_Data listing:_

▬▬▬▬▬▬

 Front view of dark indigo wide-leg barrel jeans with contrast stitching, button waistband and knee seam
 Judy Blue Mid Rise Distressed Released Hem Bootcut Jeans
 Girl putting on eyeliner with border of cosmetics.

▬▬▬▬▬▬

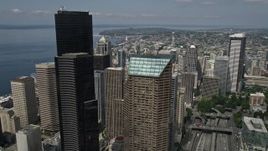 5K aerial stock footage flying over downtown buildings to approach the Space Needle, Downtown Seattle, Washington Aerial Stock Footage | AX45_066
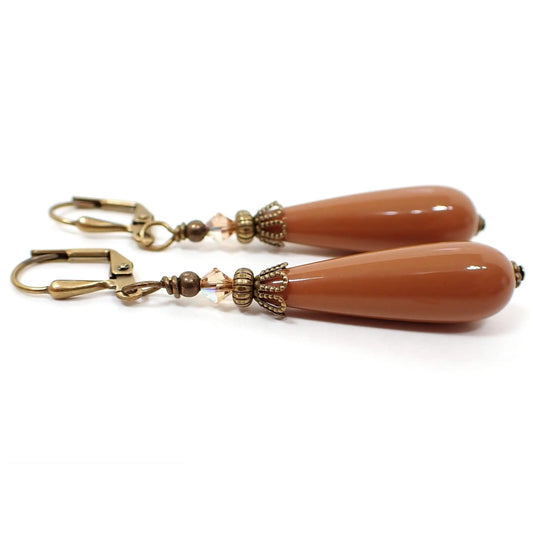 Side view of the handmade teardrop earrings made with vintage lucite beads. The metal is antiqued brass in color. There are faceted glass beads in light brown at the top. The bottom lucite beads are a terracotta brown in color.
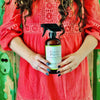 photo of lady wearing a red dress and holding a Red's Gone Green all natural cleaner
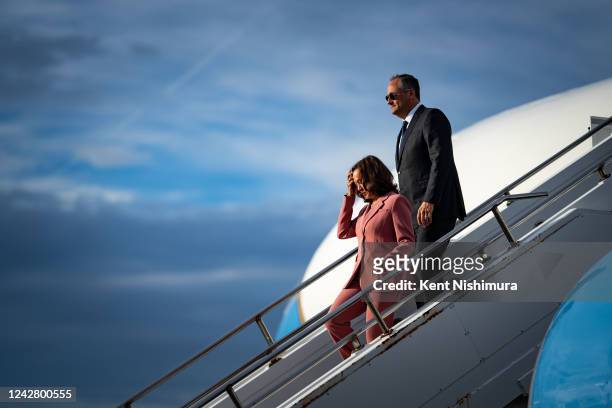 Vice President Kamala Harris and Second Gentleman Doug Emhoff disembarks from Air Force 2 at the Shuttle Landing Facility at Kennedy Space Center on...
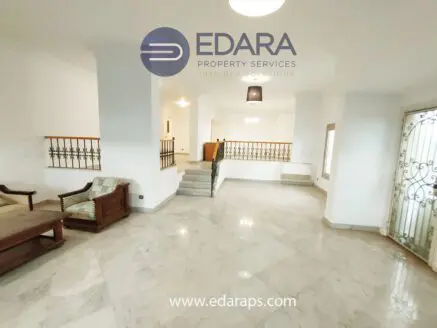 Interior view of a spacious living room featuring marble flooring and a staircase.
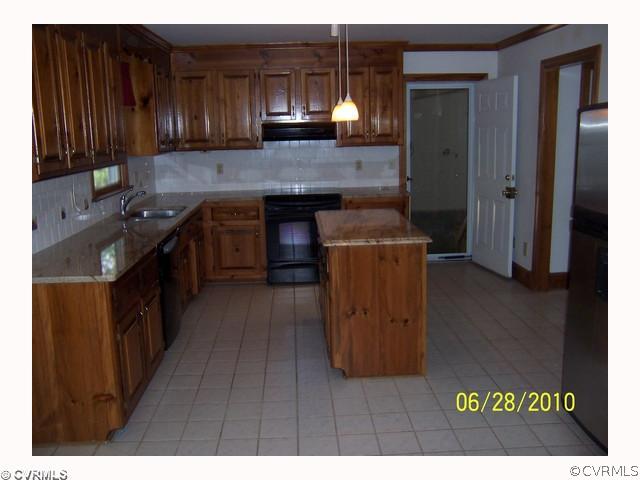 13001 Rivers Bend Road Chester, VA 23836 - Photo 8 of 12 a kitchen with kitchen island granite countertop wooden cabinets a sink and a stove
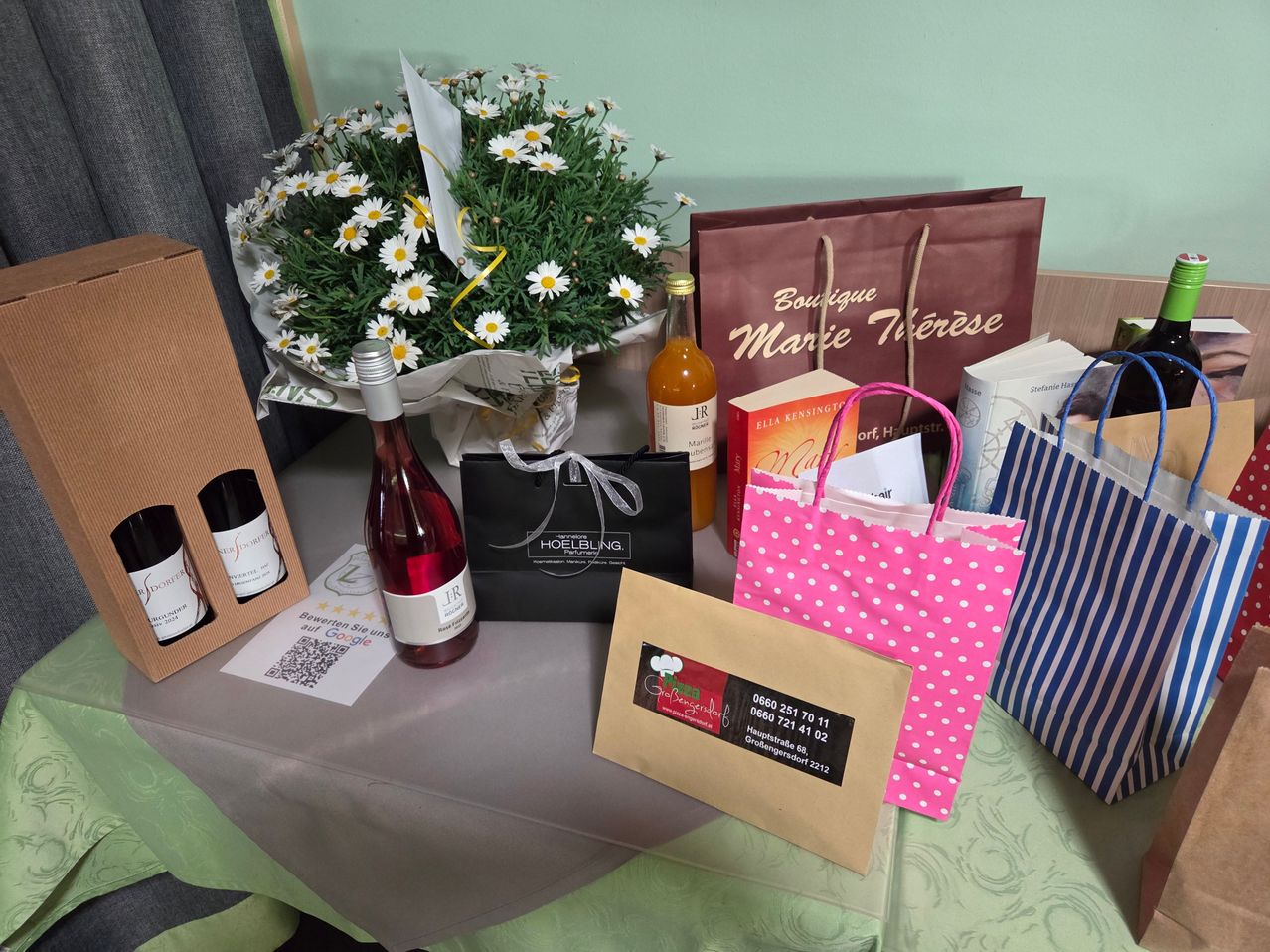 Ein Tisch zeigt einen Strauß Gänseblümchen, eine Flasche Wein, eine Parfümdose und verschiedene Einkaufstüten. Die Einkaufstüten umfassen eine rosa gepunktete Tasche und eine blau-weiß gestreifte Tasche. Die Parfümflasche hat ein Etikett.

▬▬▬▬▬▬

_Problem:_
Lines from the one above containing "Side view of" down to the one containing "Ein Tisch zeigt" should be transcribed exactly, with both ends kept and no pictures.

_Expected output:_
 Side view of the handmade teardrop earrings made with vintage lucite beads. The metal is antiqued brass in color. There are faceted glass beads in light brown at the top. The bottom lucite beads are a terracotta brown in color.
 photo of lady wearing a red dress and holding a Red's Gone Green all natural cleaner
 Vice President Kamala Harris and Second Gentleman Doug Emhoff disembarks from Air Force 2 at the Shuttle Landing Facility at Kennedy Space Center on...
 Interior view of a spacious living room featuring marble flooring and a staircase.
 13001 Rivers Bend Road Chester, VA 23836 - Photo 8 of 12 a kitchen with kitchen island granite countertop wooden cabinets a sink and a stove
 Ein Tisch zeigt einen Strauß Gänseblümchen, eine Flasche Wein, eine Parfümdose und verschiedene Einkaufstüten. Die Einkaufstüten umfassen eine rosa gepunktete Tasche und eine blau-weiß gestreifte Tasche. Die Parfümflasche hat ein Etikett.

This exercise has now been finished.